Ces heureuses rencontres, ces réunions complètes, ici-bas, n’ont qu’un jour. Après la perte de Mme de Beaumont, M. Joubert continua de vivre et de penser, mais avec moins de délices ; il s’entretenait souvent d’elle avec Mme de Vintimille, la meilleure amie qu’elle eût laissée ; mais rien ne se reforma de tel que la réunion de 1802, et, dès la fin de l’Empire, la politique et les affaires avaient relâché, sinon dissous, les relations des principaux amis. M. Joubert, isolé, vivant avec ses livres, avec ses songes, notant ses pensées sur de petits papiers qui ne se joignaient pas, serait mort sans rien laisser d’achevé ni de durable, si l’un des alliés de la famille, M. Paul Raynal, n’avait pris le soin pieux de recueillir ces fragments, de les enchâsser dans un certain ordre, et d’en faire comme une suite de pierres précieuses. Ce sont les volumes dont une seconde édition se publie aujourd’hui.

Puisque j’ai parlé de pierres précieuses, je dirai tout d’abord qu’il y en a trop. Un poète anglais (Cowley) a dit : « On finit par douter si la voie lactée est composée d’étoiles, tant il y en a ! » Il y a trop d’étoiles dans le ciel de M. Joubert. On voudrait plus d’intervalles et de repos. « Je suis comme Montaigne, disait-il, impropre au discours continu. En toutes choses il me semble que les idées intermédiaires me manquent, ou m’ennuient trop. » Ces idées intermédiaires, s’il s’était donné la peine de les exprimer, ne nous ennuieraient pas, ce semble, mais plutôt nous reposeraient en le lisant. On sent chez lui un effort souvent heureux, mais de l’effort. « S’il est un homme tourmenté, dit-il, par la maudite ambition de mettre tout un livre dans une page, toute une page dans une phrase, et cette phrase dans un mot, c’est moi. » Sa méthode est de toujours rendre une pensée dans une image ; la pensée et l’image pour lui ne font qu’un, et il ne croit tenir l’une que quand il a trouvé l’autre. « Ce n’est pas ma phrase que je polis, mais mon idée. Je m’arrête jusqu’à ce que la goutte de lumière dont j’ai besoin soit formée et tombe de ma plume. » Ce ne sont donc que gouttes de lumière que cette suite de pensées ; l’œil de l’esprit finit par s’y éblouir. « Je voudrais, dit-il encore, se définissant lui-même à merveille, je voudrais faire passer le sens exquis dans le sens commun, ou rendre commun le sens exquis. » Le bon sens tout seul l’ennuief ; l’ingénieux sans bon sens lui paraît à bon droit méprisable : il veut unir l’un et l’autre, et ce n’est pas une petite entreprise : « Oh ! qu’il est difficile, s’écrie-t-il, d’être à la fois ingénieux et sensé ! » La Bruyère, avant lui, avait senti cette même difficulté et se l’était avouée aussi en commençant : « Tout est dit, et l’on vient trop tard depuis plus de sept mille ans qu’il y a des hommes, et qui pensent. » M. Joubert le reconnaît de même : « Toutes les choses qui sont aisées à bien dire ont été parfaitement dites ; le reste est notre affaire ou notre tâche : tâche pénible ! » J’indique tout d’abord l’inconvénient et le défaut. Ces livres de maximes et d’observations morales condensées, comme l’était déjà celui de La Bruyère et comme l’est surtout celui de M. Joubert, ne se peuvent lire de suite sans fatigue. C’est de l’esprit distillé et fixé dans tout son suc : on n’en saurait prendre beaucoup à la fois.

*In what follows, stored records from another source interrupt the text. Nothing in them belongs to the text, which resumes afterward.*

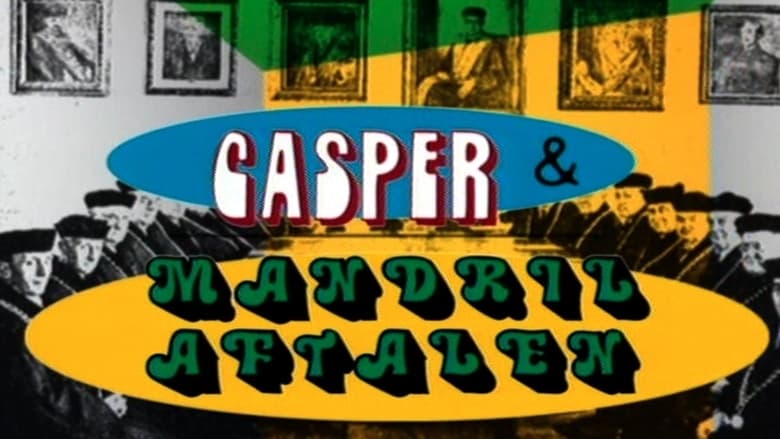 кадр из фильма Casper & Mandrilaftalen 1: Kig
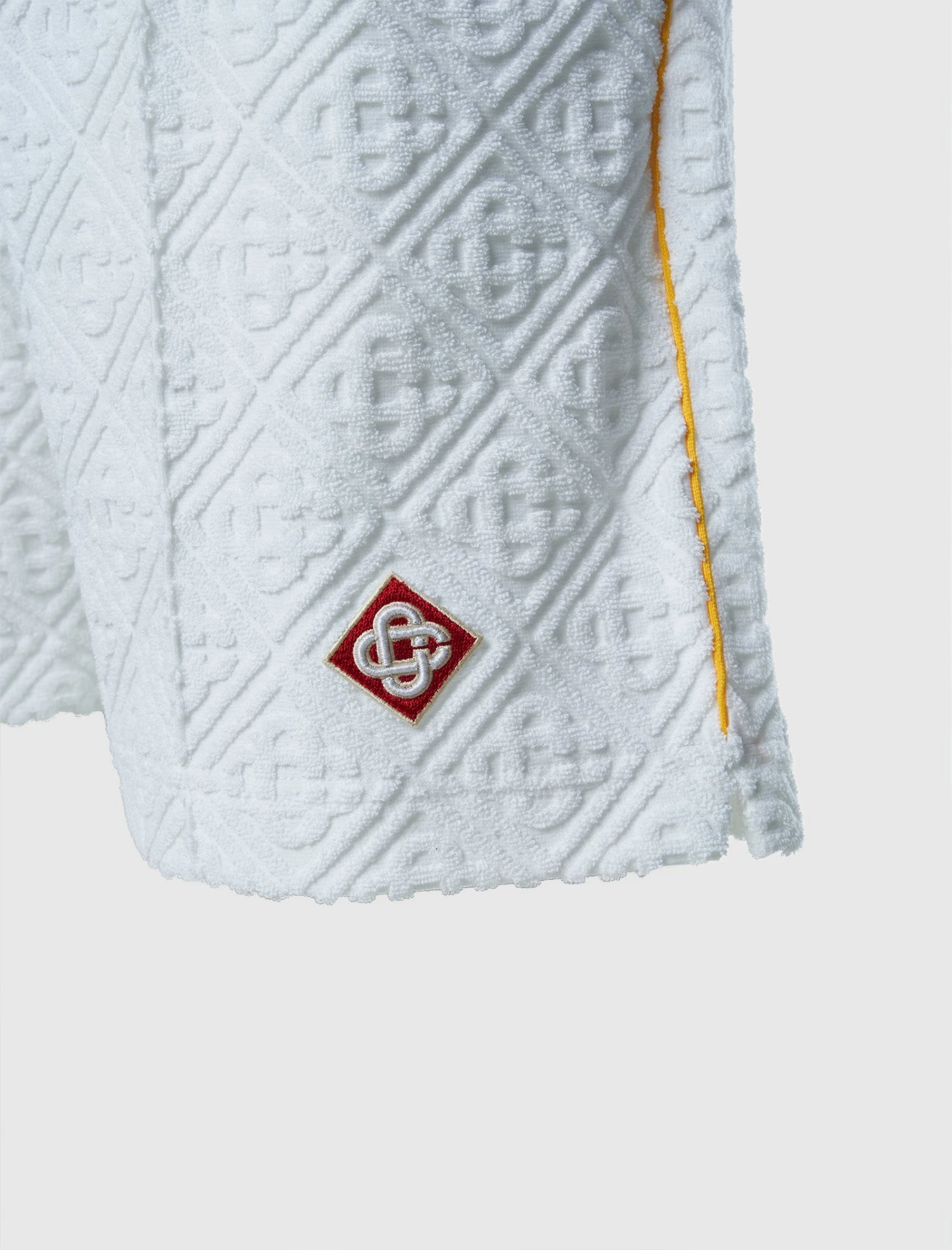 Casablanca TOWELLING SHORTS 2 Casablanca TOWELLING SHORTS - Image 2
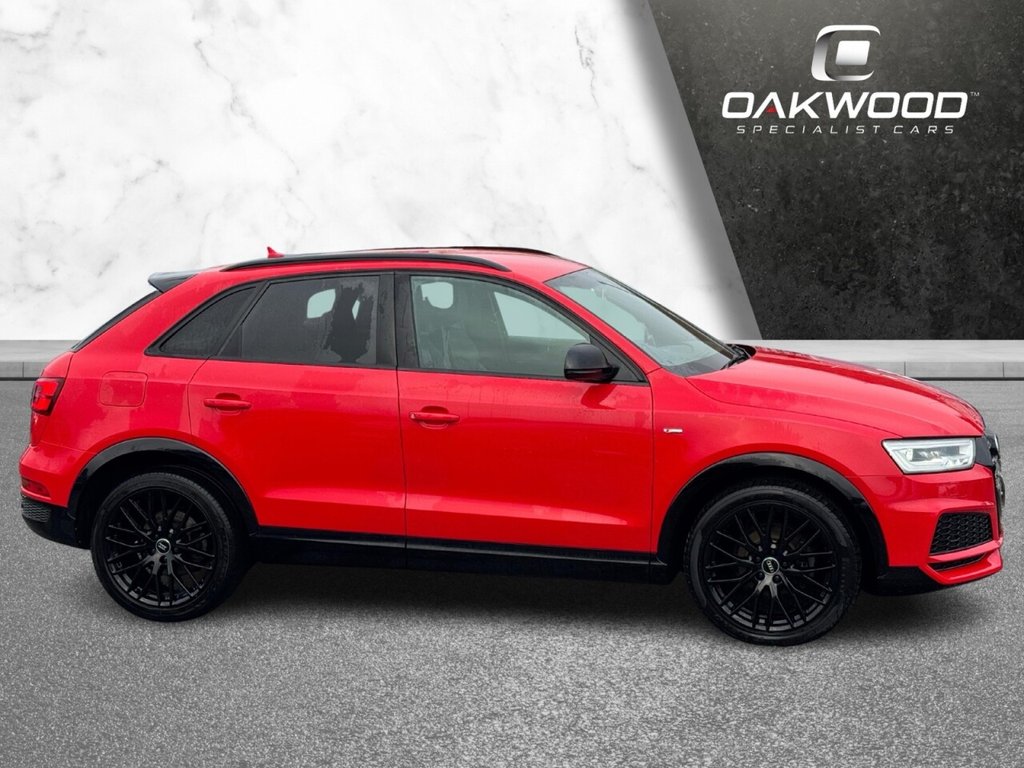 Used Audi Q3 2017 for sale - 76291423: Photo 7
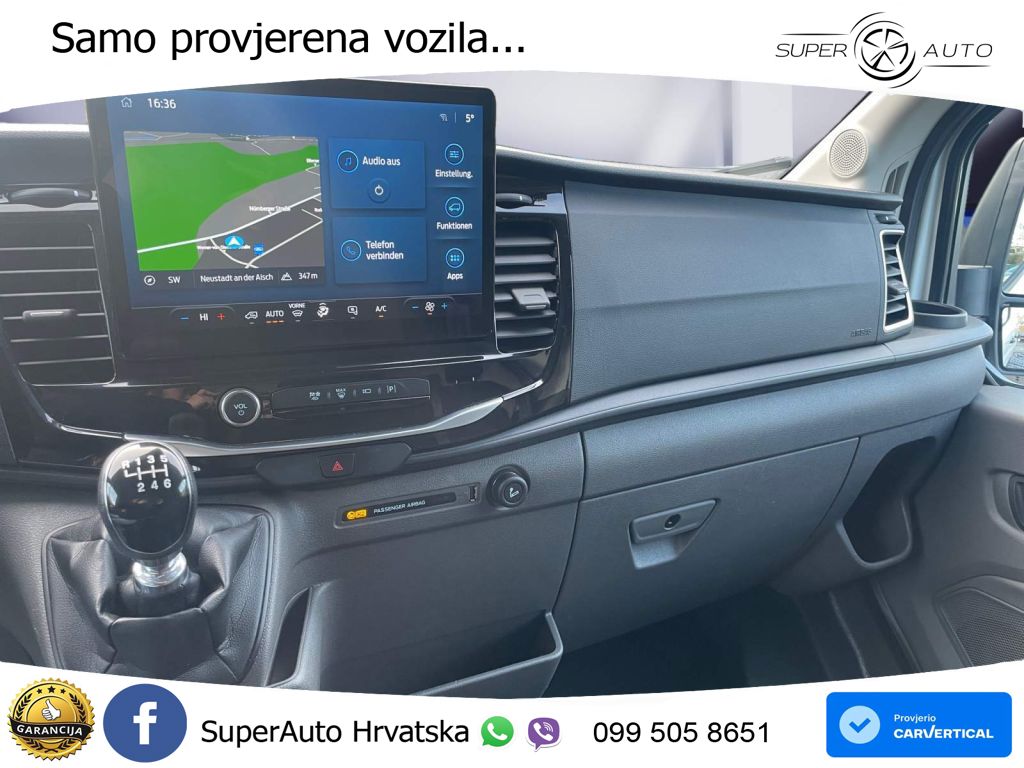 Ford Transit 131 KS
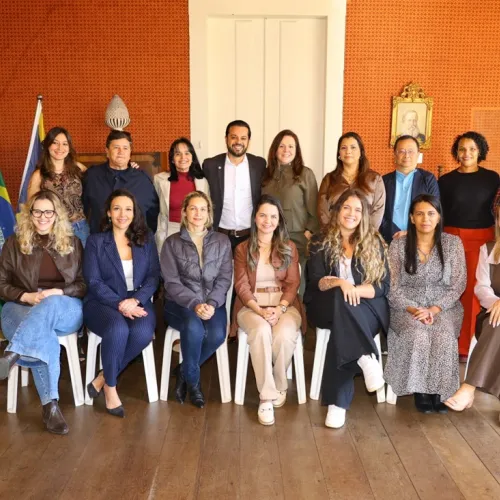 Integrantes do Conselho dos Direitos da Mulher tomam posse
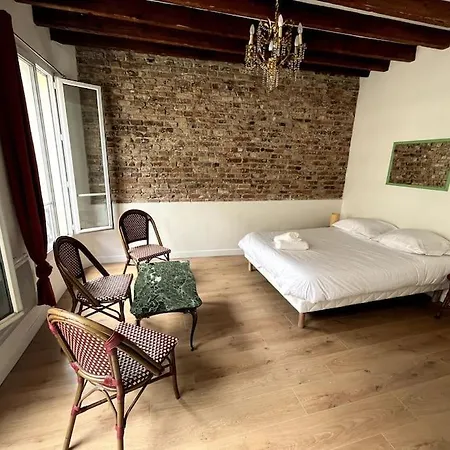 Cosy Grenelle Apartamento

Les premiers chapitres du premier volume ne sont pas ceux qui me plaisent le plus ; ils traitent de Dieu, de la création, de l’éternité, et de bien d’autres choses. À la difficulté particulière des sujets, s’ajoute celle qui naît de la subtilité de l’auteur. Ici ce n’est plus seulement du Platon, c’est du saint Augustin à haute dose et sans la liaison des idées. Décidément, il sera convenable qu’un jour, de tous ces chapitres métaphysiques, on n’en fasse qu’un seul, très réduit, dans lequel on n’admettra que les pensées belles, simples, acceptables, rejetant toutes celles qui sont équivoques ou énigmatiques. À ce prix seulement, on pourra faire des volumes de M. Joubert, non plus un livre de bibliothèque comme aujourd’hui, mais aussi (ce qui serait si facile avec du choix) un de ces beaux petits livres comme il les aimait, et qui justifierait en tout sa devise : Excelle, et tu vivras !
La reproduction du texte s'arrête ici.